During his all-too-short lifetime, John Lennon was a rather maligned figure of the music industry. As highly-regarded as a songwriter as he was pawed and stared at like a museum exhibition. That’s because, honestly, before The Beatles and Lennon, there was absolutely nobody like him around.
Lennon, unlike his Fab Four counterparts, possessed innate creativity and philosophy. The singer and guitarist was comfortable explaining his own philosophy and spirituality but it was a discussion which would often see him labelled a “lunatic musician”. One song, however, proved that Lennon wasn’t crazy in any way, he just saw things differently.
As LSD hit the streets of London, something changed in Britain. The mind-expansion of hallucinatory drugs meant that a new wave of counter-culturalism was sweeping the nation and the mouthpiece for such a wide revolution was Lennon. While other bands and acts were more deeply entrenched in these thoughts and ideals, nobody had a bigger stage than Lennon.
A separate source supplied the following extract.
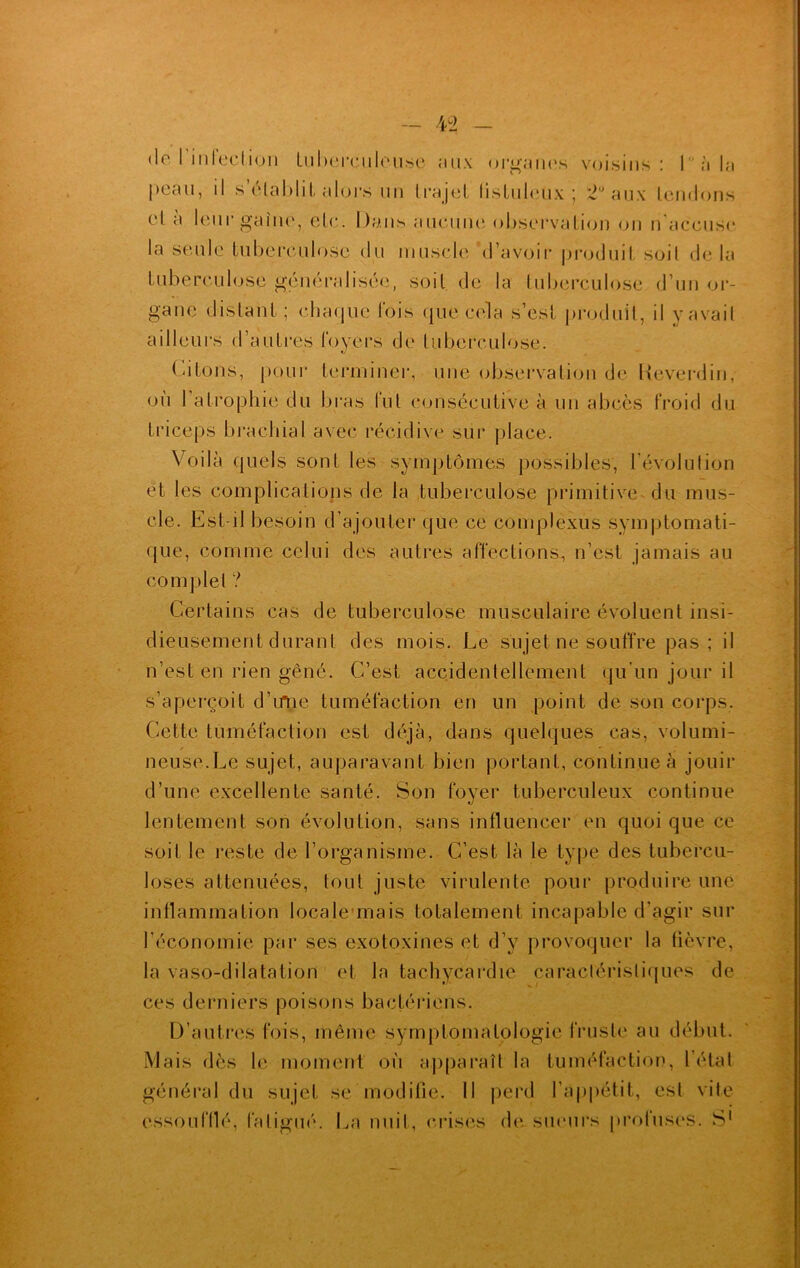 de l’i n fection tuberculeuse aux organes voisins: 1 à la peau, il s’établit alors lin trajet listuleux ; 2° aux tendons et a leur gaine, etc. Dans aucune observation on n accuse la seule tuberculose du muscle d’avoir produit soil de la tuberculose généralisée, soit de la tuberculose d’un or- gane distant; cha<jue lois que cela s’est produit, il y avait ailleurs d’autres foyers de tuberculose. Citons, pour terminer, une observation de Keverdin, ou 1 atrophie du bras fut consécutive à un abcès froid du triceps brachial avec récidive sur place. Voilà quels sont les symptômes possibles, l’évolution et les complications de la tuberculose primitive du mus- cle. Est-il besoin d’ajouter que ce complexus symptomati- que, comme celui des autres affections, n’est jamais au complet ? Certains cas de tuberculose musculaire évoluent insi- dieusement durant des mois. Le sujet ne souffre pas; il n’est en rien gêné. C’est accidentellement qu'un jour il s’aperçoit d’iftie tuméfaction en un point de son corps. Cette tuméfaction est déjà, dans quelques cas, volumi- neuse.Le sujet, auparavant bien portant, continue à jouir d’une excellente santé. Son foyer tuberculeux continue lentement son évolution, sans influencer en quoi que ce soit le reste de l’organisme. C’est là le type des tubercu- loses atténuées, tout juste virulente pour produire une inflammation locale mais totalement incapable d’agir sur l’économie par ses exotoxines et d’y provoquer la fièvre, la vaso-dilatation et la tachycardie caractéristiques de ces derniers poisons bactériens. D’autres fois, même symptomatologie fruste au début. Mais dès le moment où apparaît la tuméfaction, l’état général du sujet se modifie. Il perd l’appétit, est vite essoufflé, fatigué. La nuit, crises de sueurs protuscs. S1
Of course, alongside Yoko Ono, Lennon would soon take up the mantel of demanding world peace for a new generation. But before that, he was still struggling with the ideals and notions that were put upon him by the mainstream, as the music world tried to keep him quiet and stuck in his little box. Lennon instead would use his music to tell his and countless others’ stories.
One such story was that of ‘Strawberry Fields Forever’, a song which featured on the LP for Magical Mystery Tour. The track succinctly, according to Lennon, captures the complexity of Lennon’s personality. Not only is the track rooted in his history with Liverpool but it also explains why Lennon has always felt like an outsider.
Speaking in 1980 with David Sheff, Lennon said: “Strawberry Fields is a real place. After I stopped living at Penny Lane, I moved in with my auntie who lived in the suburbs… not the poor slummy kind of image that was projected in all the Beatles stories. Near that home was Strawberry Fields, a house near a boys’ reformatory where I used to go to garden parties as a kid with my friends Nigel and Pete. We always had fun at Strawberry Fields. So that’s where I got the name.”
Previously, Lennon has suggested that the name was chosen because it was “groovy” but with a bit more time for reflection, Lennon lets us in on a secret of the track; really it’s all about John’s mind. “I used it as an image,” he recalls. “Strawberry Fields Forever. ‘Living is easy with eyes closed. Misunderstanding all you see.’ It still goes, doesn’t it? Aren’t I saying exactly the same thing now? The awareness apparently trying to be expressed is— let’s say in one way I was always hip. I was hip in kindergarten. I was different from the others. I was different all my life.”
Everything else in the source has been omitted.